Leave out the pictures, and print exactly the lines from the one holding "What we call" through the last line of the material.

Collected material:
------------------------------------------------
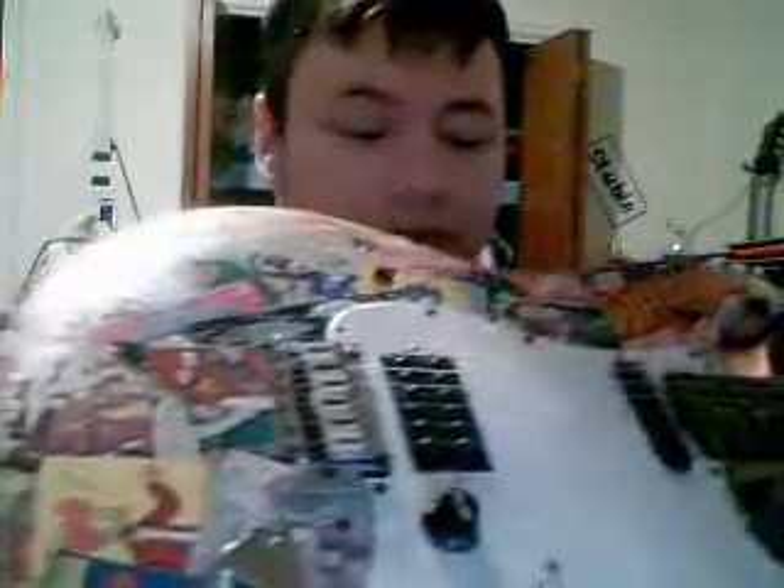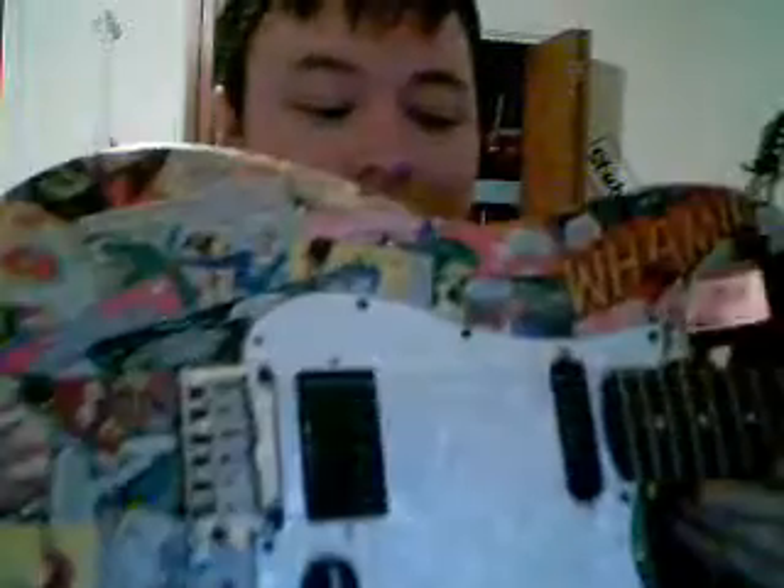What's up guys, I just wanted to show you my guitar that I just got done putting together. It was black and now it has crazy comic books all over it.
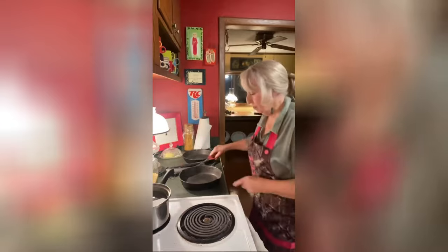What we call sawmill gravy — some of y'all call it brown gravy — but today I'm going to make cream gravy. Y'all come on over here and watch what I'm going to do.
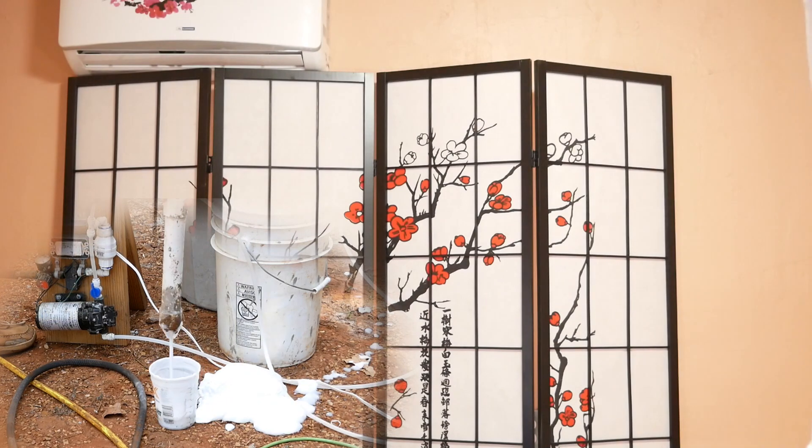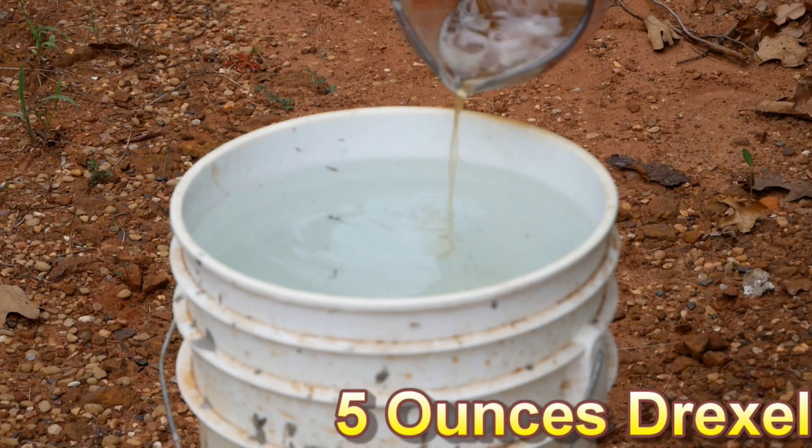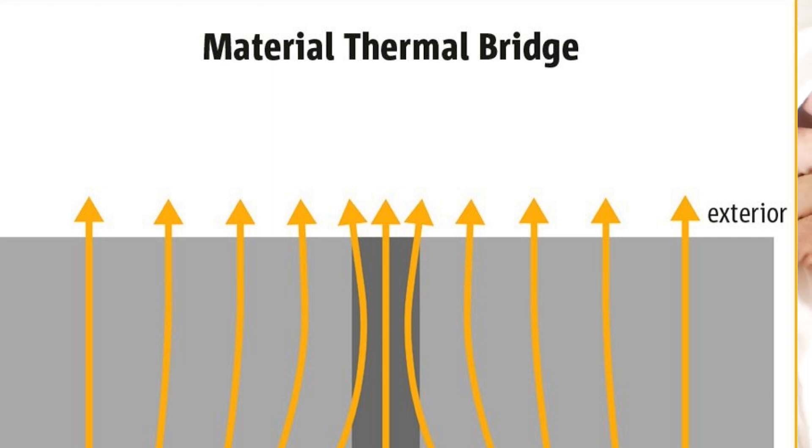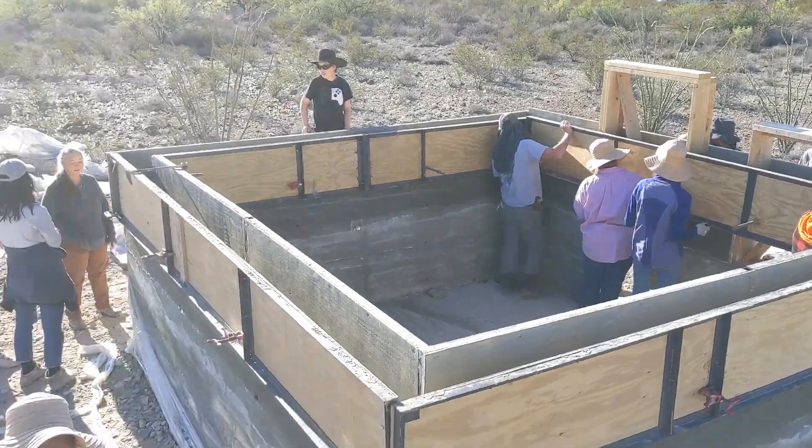Can I add fiber to my AirCrete to make it stronger and more crack-resistant? Well, yes, you can. However, it needs to be something like cellulose. If you add fiberglass or something that conducts heat, you're actually losing your thermal efficiency of AirCrete, which is one of the main reasons we choose to build with it.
------------------------------------------------
Written solution:
What we call sawmill gravy — some of y'all call it brown gravy — but today I'm going to make cream gravy. Y'all come on over here and watch what I'm going to do.
Can I add fiber to my AirCrete to make it stronger and more crack-resistant? Well, yes, you can. However, it needs to be something like cellulose. If you add fiberglass or something that conducts heat, you're actually losing your thermal efficiency of AirCrete, which is one of the main reasons we choose to build with it.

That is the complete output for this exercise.